Apesar do perfil atual da AdF, o partido nem sempre foi vinculado à direita radical. E suas origens, a sigla defendia políticas mais moderadas.

A AfD surgiu no cenário alemão em um contexto bastante diferente dos dias de hoje. Foi em 2013, quando a Europa enfrentava uma grave crise financeira.

Países do Sul da Europa — como Grécia, Portugal e Espanha — estavam atravessando problemas de solvência da sua dívida pública, afetando a estabilidade econômica de toda a União Europeia.

A Alemanha liderou a UE em pressões para que os governos em crise adotassem medidas de austeridade fiscal que restabelecem o equilíbrio econômico do continente em troca de pacotes de ajuda financeira — mas com alto custo social para os países do Sul da Europa, que precisaram reduzir drasticamente seus gastos governamentais.

Em lugares como a Grécia, houve grande reação popular contra a Alemanha, vista como responsável por aprofundar a crise econômica do país.

Na Alemanha, também houve reações contrárias. Muitos alemães acreditavam que seu país estava sendo prejudicado pelas demais economias da União Europeia, que precisava bancar pacotes de ajuda para garantir a estabilidade econômica do continente.

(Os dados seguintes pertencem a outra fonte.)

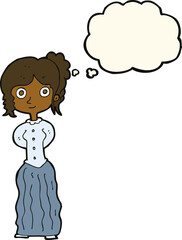 cartoon happy woman with thought bubble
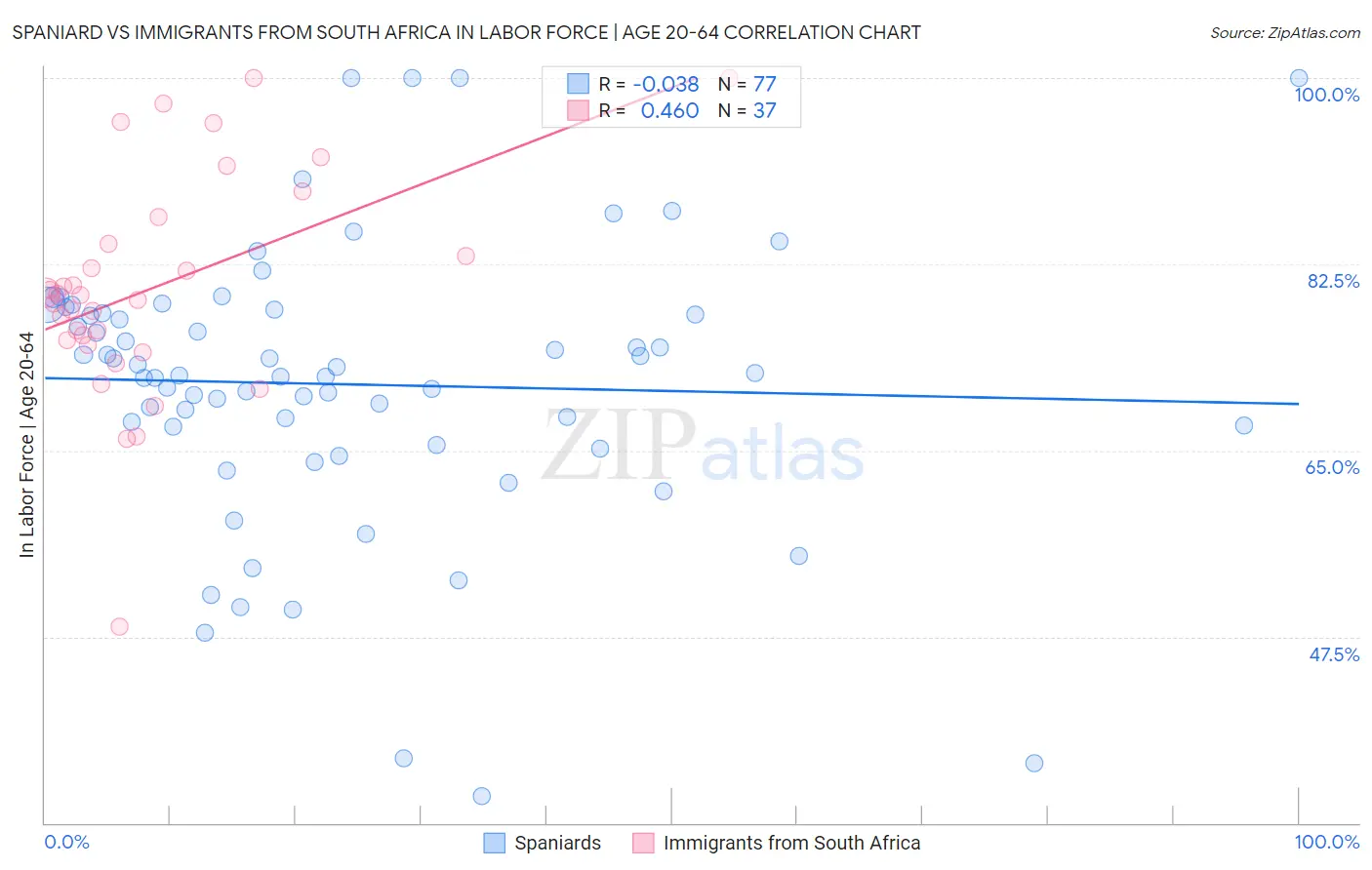 Spaniard vs Immigrants from South Africa In Labor Force | Age 20-64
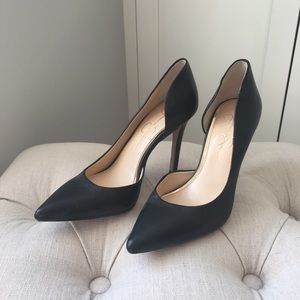 Jessica Simpson Black Leather Stilettos - Size 7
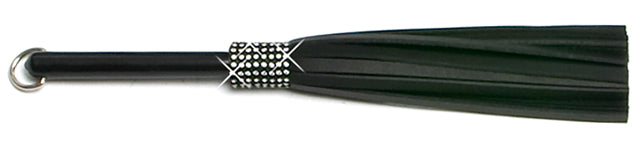 W761 Mini Medium Swarovski Crystal-Black Cowhide Leather Tails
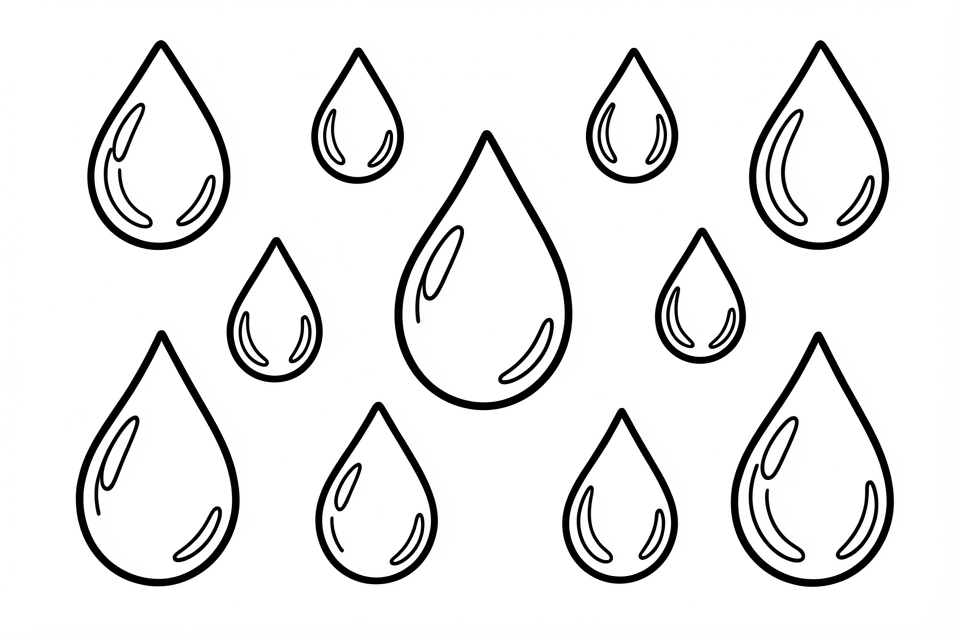 gotas de A¡gua Página para colorir gotas de A¡gua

A AfD foi fundada em abril em 2013 como um partido eurocético — que criticava a abordagem alemã, mas não defendia a saída alemã da União Europeia.

No seu princípio, o partido não era considerado uma sigla de direita radical, mas ao longo dos anos isso foi mudando, na medida em que muitos de seus líderes adotaram retóricas contra imigrantes e muçulmanos.

O primeiro grande sucesso político da AfD veio em 2015, quando o partido conseguiu estabelecer uma comissão no Parlamento para investigar se a decisão de Angela Merkel de deixar entrar cerca de 1,3 milhão de migrantes e refugiados sem documentos, principalmente do Oriente Médio, violava as leis alemãs.

A partir desse momento, a imigração virou a plataforma principal da AfD. Houve contatos com o movimento anti-imigração Pegida, que organizou marchas semanais contra o que chamou de "a islamização do Ocidente".

Tanto o Pegida quando a AfD ganharam muito apoio no leste ex-comunista da Alemanha, sobretudo entre jovens homens.

A AfD sempre foi marcada por disputas internas, com grandes discordâncias entre alas moderadas e radicais.

Em seus 12 anos de história, a AfD teve quatro líderes — e três deles abandonaram o partido reclamando que a sigla havia se afastado dos seus ideias e se radicalizado.

A primeira vez foi em 2015, quando seu primeiro líder, o economista Bernd Lucke, deixou o partido, alegando que a sigla estava se tornando cada vez mais xenófoba.

Bernd Lucke, fundador e primeiro líder da sigla, disse em 2015 que a AfD havia se tornado um partido "islamofóbico e xenofóbico", com tendências antiocidentais e pró-Rússia.

Ao longo de sua ascensão na última década, a AfD também vem sofrendo com uma série de percalços e escândalos.

Em maio do ano passado, a AfD foi oficialmente classificada como "suspeito de extremismo" em uma decisão de um tribunal alemão. Isso significa que os serviços de inteligência podem monitorar as atividades e comunicações da AfD.

O tribunal da cidade Münster disse que uma parcela significativa da AfD quer criar uma sociedade de dois níveis — onde pessoas julgadas como "etnicamente alemãs" teriam mais direitos do que pessoas cujas famílias originalmente vieram do exterior. Isso, de acordo com a Constituição alemã, seria discriminação ilegal.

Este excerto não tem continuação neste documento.